Dallas County does not clearly include other Defendants in its motion to dismiss. See Doc. 125, Mot. to Dismiss, 1. Consequently, the Court considers the Motion under the assumption that it pertains only to Dallas County as a municipality.
This Court agrees. Section 1983 provides a federal cause of action against "[e]very person who, under the color of any statute, ordinance, regulation, custom, or usage . . . subjects, or causes to be subjected, any citizen . . . to the deprivation of any rights, privileges, or immunities secured by the Constitution and laws . . . ." 42 U.S.C. § 1983. "To state a claim under [§] 1983, a plaintiff must: (1) allege a violation of rights secured by the Constitution or laws of the United States, and (2) demonstrate that the alleged deprivation was committed by a person or entity acting under color of state law." Mohamed for A.M. v. Irving Indep. Sch. Dist., 300 F. Supp. 3d 857, 874 (N.D. Tex. 2018) (citations omitted).

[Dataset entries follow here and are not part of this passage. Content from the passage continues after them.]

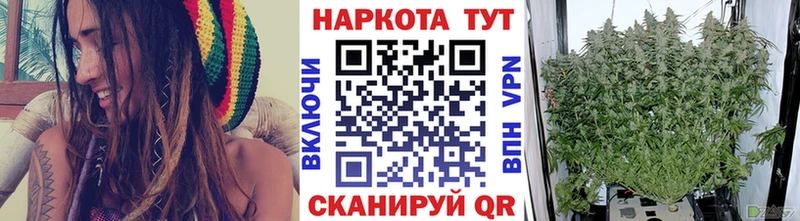 Купить наркотик Александров Галлюциногенные грибы  A PVP  Меф мяу мяу  Каннабис  ГАШИШ 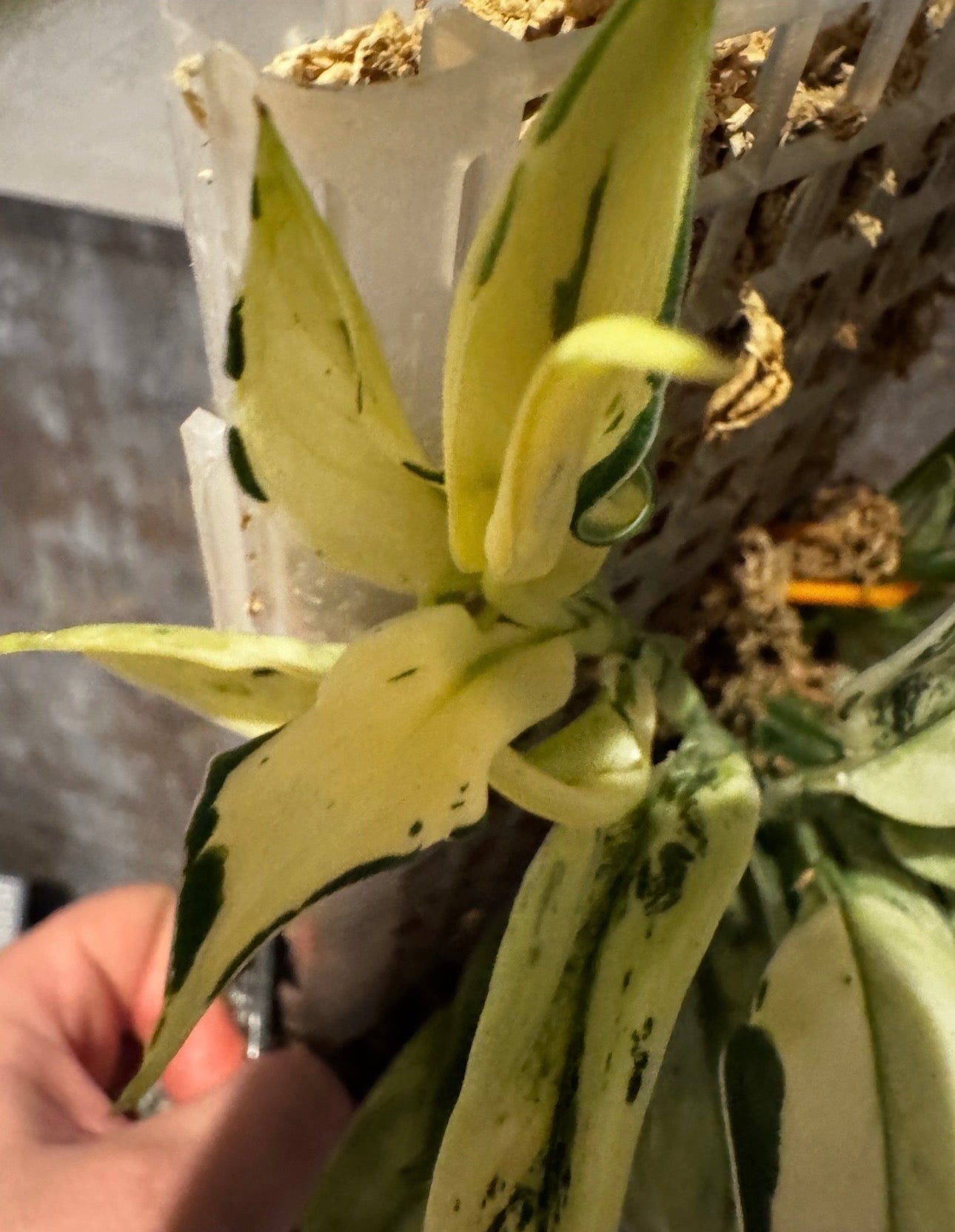 Scindapsus super Star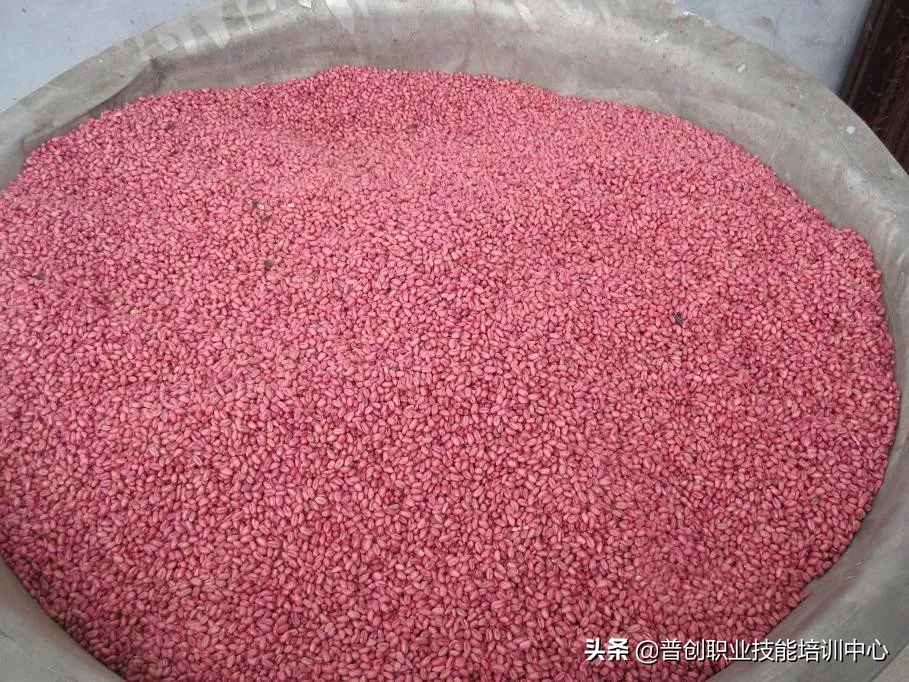 小麦种深了苗黄苗弱怎样补救管理,小麦旺苗冻害怎么补救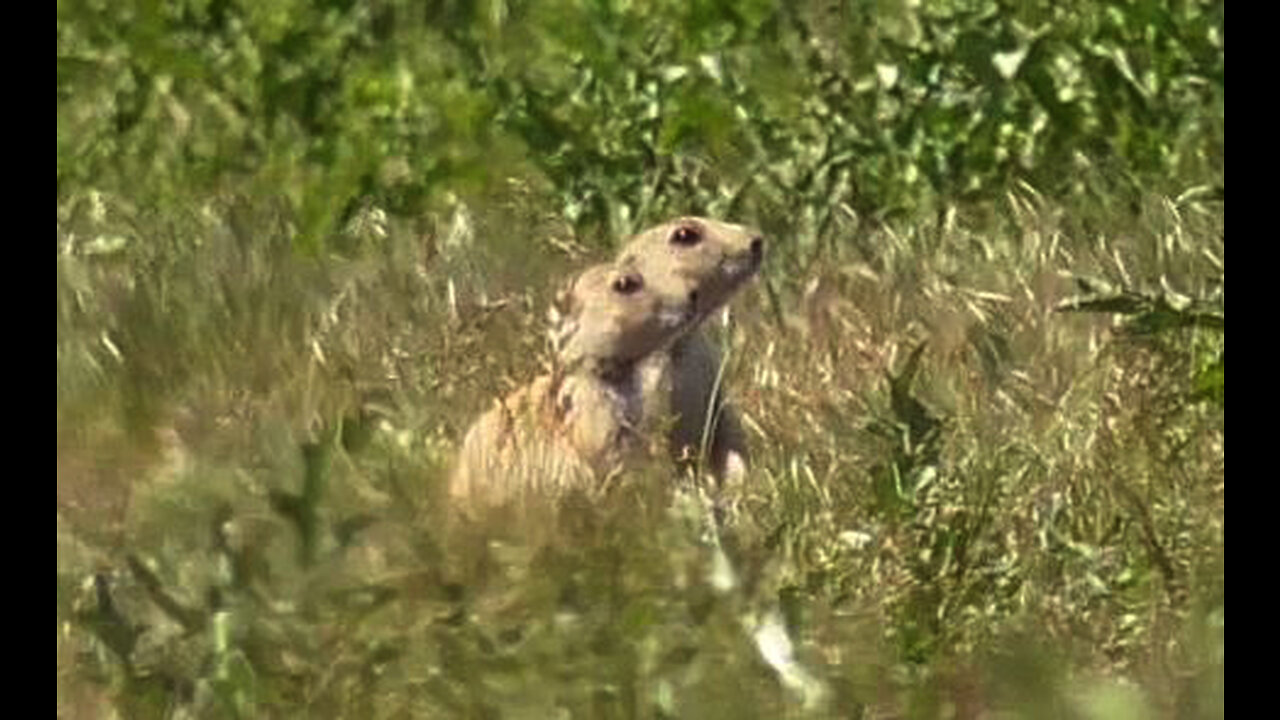 PD16.1 Suppressed Prairie Doggin'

But "a local government may not be sued under § 1983 for an injury inflicted solely by its employees or agents." Monell v. Dep't of Soc. Servs., 436 U.S. 658, 694 (1978). Instead, municipal liability under § 1983 "results if a deprivation of constitutional rights was inflicted pursuant to official custom or policy." Piotrowski, 237 F.3d at 579. This theory of liability is commonly referred to as a "Monell claim." See, e.g., Ramirez v. Abreo, 2010 WL 11565455, at *1 (N.D. Tex. May 27, 2010).
To establish a Monell claim, "a plaintiff must show that (1) an official policy (2) promulgated by the municipal policymaker (3) was the moving force behind the violation of a constitutional right." Peterson v. City of Fort Worth, 588 F.3d 838, 847 (5th Cir. 2009) (citation omitted)."The ultimate question" in assessing a motion to dismiss a Monell claim is "whether [the plaintiff] has alleged facts to show that a policymaker promulgated or ratified an unconstitutional policy that resulted in injury to [the plaintiff.]" Mohamed for A.M., 300 F. Supp. 3d at 875.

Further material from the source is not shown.